--- AIM OF THE EXERCISE ---
Using the material that follows, output exactly the lines from the one containing "[서울=뉴시스]한국인 남편에게 수" through the one containing "Servilleta Suzy en", with both ends kept.

--- THE RECORDS ---

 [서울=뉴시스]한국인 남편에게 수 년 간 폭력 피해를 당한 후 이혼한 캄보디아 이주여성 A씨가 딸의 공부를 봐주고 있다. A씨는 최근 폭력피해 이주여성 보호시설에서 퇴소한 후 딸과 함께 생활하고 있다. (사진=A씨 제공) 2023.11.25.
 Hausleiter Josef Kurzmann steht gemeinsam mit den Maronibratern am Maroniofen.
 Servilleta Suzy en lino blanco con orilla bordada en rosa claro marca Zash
==
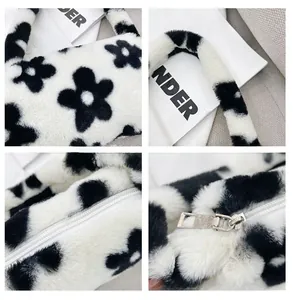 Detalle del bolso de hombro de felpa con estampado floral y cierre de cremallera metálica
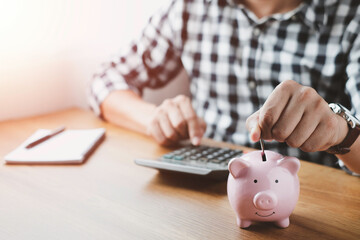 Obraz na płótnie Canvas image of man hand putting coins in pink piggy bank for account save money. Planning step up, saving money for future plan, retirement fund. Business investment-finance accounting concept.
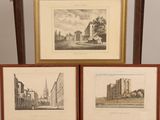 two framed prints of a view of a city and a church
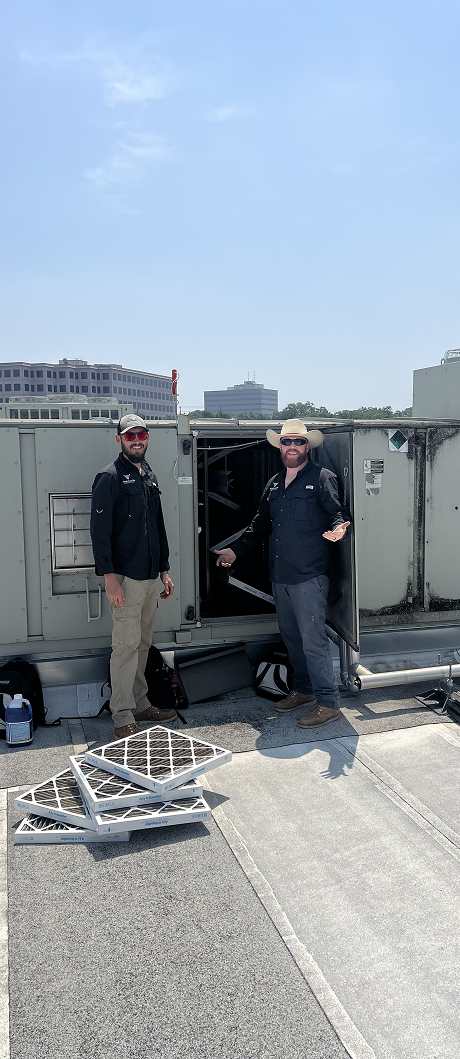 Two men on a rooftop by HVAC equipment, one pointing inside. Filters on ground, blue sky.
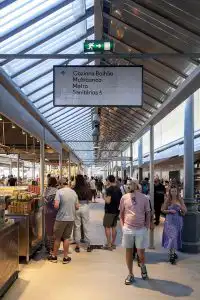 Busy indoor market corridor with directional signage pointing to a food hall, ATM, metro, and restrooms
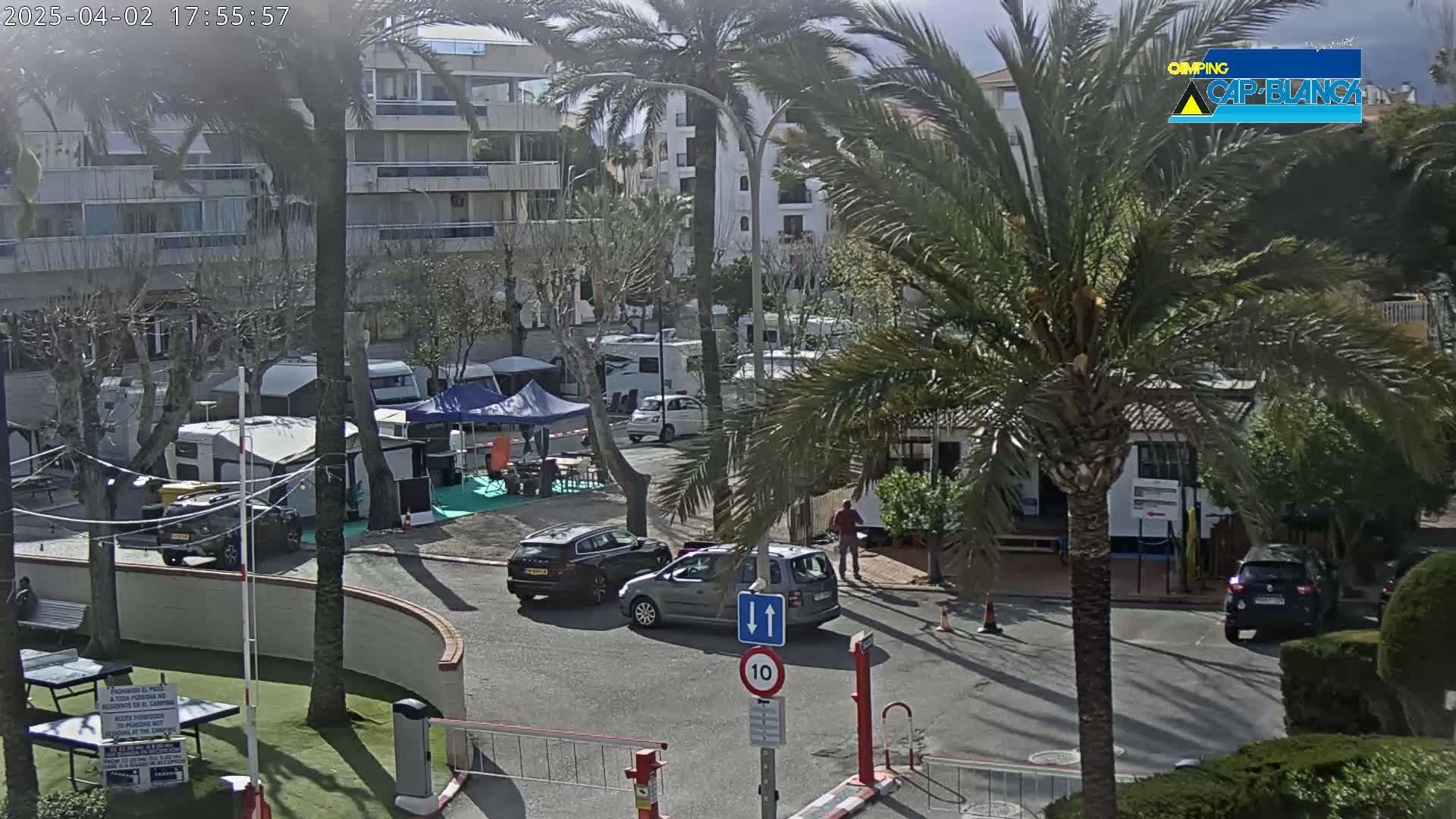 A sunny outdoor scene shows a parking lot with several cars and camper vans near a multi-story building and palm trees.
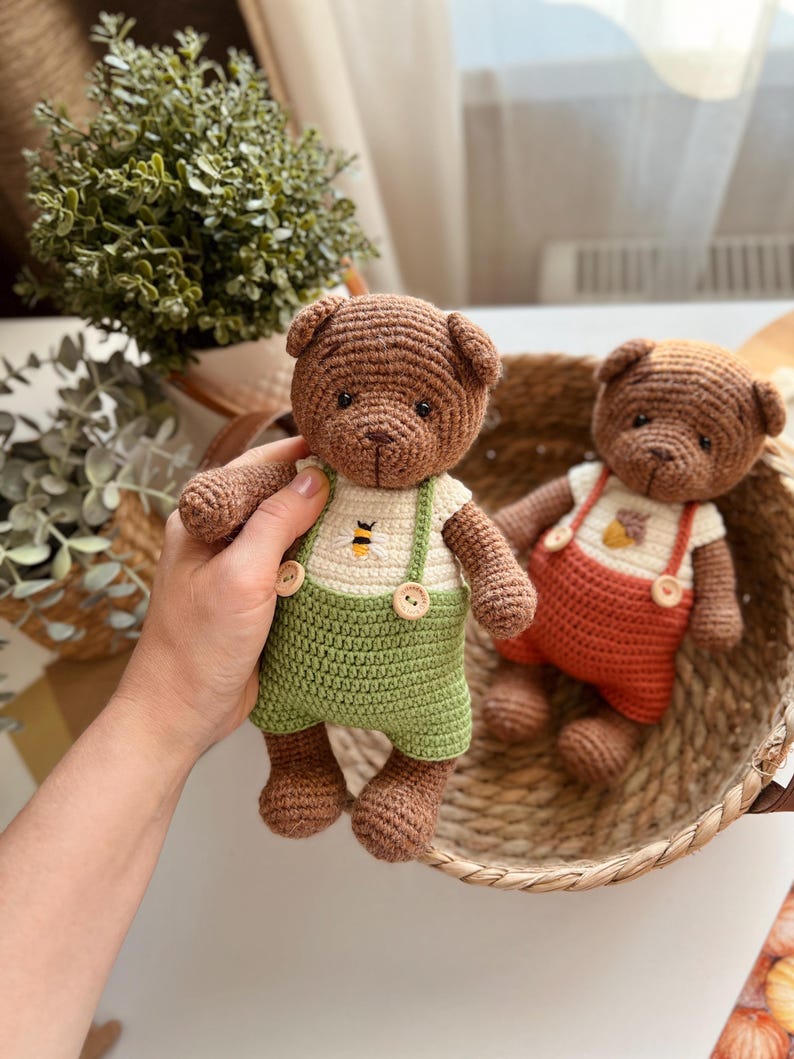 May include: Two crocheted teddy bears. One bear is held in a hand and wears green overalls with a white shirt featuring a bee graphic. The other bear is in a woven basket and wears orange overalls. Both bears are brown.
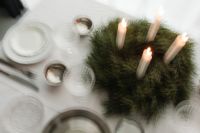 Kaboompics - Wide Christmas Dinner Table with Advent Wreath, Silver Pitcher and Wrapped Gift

--- WRITTEN REPLY ---
 [서울=뉴시스]한국인 남편에게 수 년 간 폭력 피해를 당한 후 이혼한 캄보디아 이주여성 A씨가 딸의 공부를 봐주고 있다. A씨는 최근 폭력피해 이주여성 보호시설에서 퇴소한 후 딸과 함께 생활하고 있다. (사진=A씨 제공) 2023.11.25.
 Hausleiter Josef Kurzmann steht gemeinsam mit den Maronibratern am Maroniofen.
 Servilleta Suzy en lino blanco con orilla bordada en rosa claro marca Zash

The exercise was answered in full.